広がる仕事
朝の空気は少しひんやりしていた。
山の麓の拠点では、今日も人の動きが絶えない。
トンネル工事。鉱山。村の整備。
どこを見ても人が働いている。
ガン、ガンとトンネルのツルハシの音が山の中から響いてきていた。
私は簡易机の上に置かれた報告書を眺めながら、ふぅと息を吐いた。
「……増えたわねぇ」
文官が横から苦笑する。
「はい。かなり」
報告書の内容は、領都から届いたものだった。
どうやら――私が開発した商品。
石鹸。クリーム。美容液。洗濯関連。
これらの生産が、領都だけでは追いつかなくなったらしい。
私は紙を指で叩いた。
「つまり」
「生産拠点を増やすって事?」
文官が頷く。
「そのようです」
領主館の判断で、生産施設を領内の別の町にも作ることになったらしい。
私は少し考える。
「まあ……」
そして肩をすくめた。
「それはそれで良いんじゃない?」
一箇所に工場を集中させると、どうしても問題が出る。
人が溢れる。土地が足りない。
物資が偏る。
私は言った。
「分散生産ね」
文官が少し感心した顔をする。
「確かに」
私は続ける。
「何ヶ所かに振れば、雇用も増えるし輸送も楽になる」
文官はメモを取りながら頷く。
「理にかなっています」
私は椅子にもたれた。
「まあ私の所で作ってる商品だし売れるなら良い事よ」
正直なところ。
もう領都の事まで細かく見ていられない。
私は外を見た。
作業員が資材を運び、職人が建物を直し、鉱夫が山へ向かっている。
この場所は――とにかく忙しい。
私は苦笑した。
「こっちはそれどころじゃないけどね」
文官も頷く。
「確かに」
この拠点だけでも、仕事はいくらでもある。
鉱山の整備。

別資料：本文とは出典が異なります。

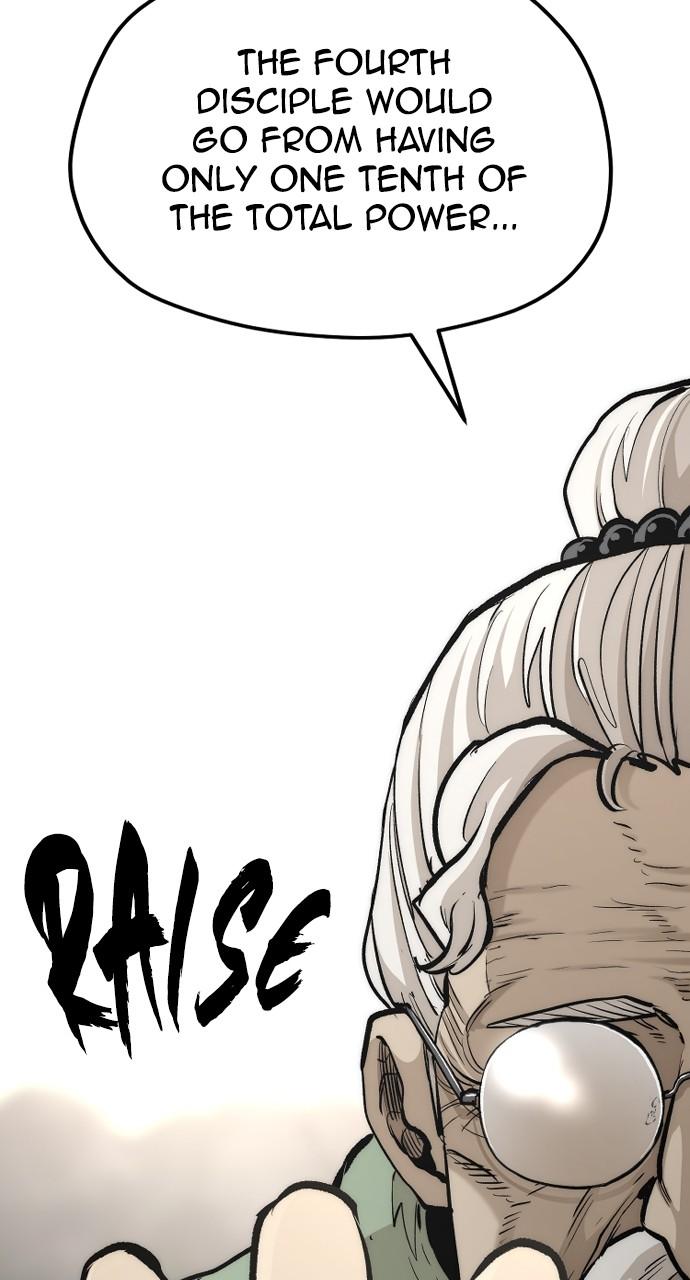 Murim RPG Simulation Chap 112 - Next Chap 113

トンネル工事。住宅の補修。
倉庫建設。温泉の排水。
そして新しい人員の受け入れ。
私は机の上の書類を軽くまとめた。
「そもそも仕事が多すぎるのよ」
文官が笑う。
「お嬢様が増やしているのでは?」
私は即答する。
「必要な事よ」
そして立ち上がる。
村の方を見る。数ヶ月前。
ここは、ほとんど動きのない小さな村だった。空き家だらけ。人も少ない。
今は違う。人が増えた。建物が増えた。
鍛冶場の煙が上がり資材が運ばれる。
道が広がる。
私は腕を組んで眺めた。
「順調ね」
文官も同じ方向を見る。
「はい」
そして静かに言う。
「町になりつつあります」
私は少し笑った。
「でしょう?」
村は変わる。人が集まり。仕事が生まれ。
建物が増える。
そうなれば――自然と町になる。
私は空を見上げて言った。
「まだ始まったばかりよ」
ここはまだ拠点。いずれ――
鉱山と街道を持つ町になる。
その未来は、もう見え始めていた。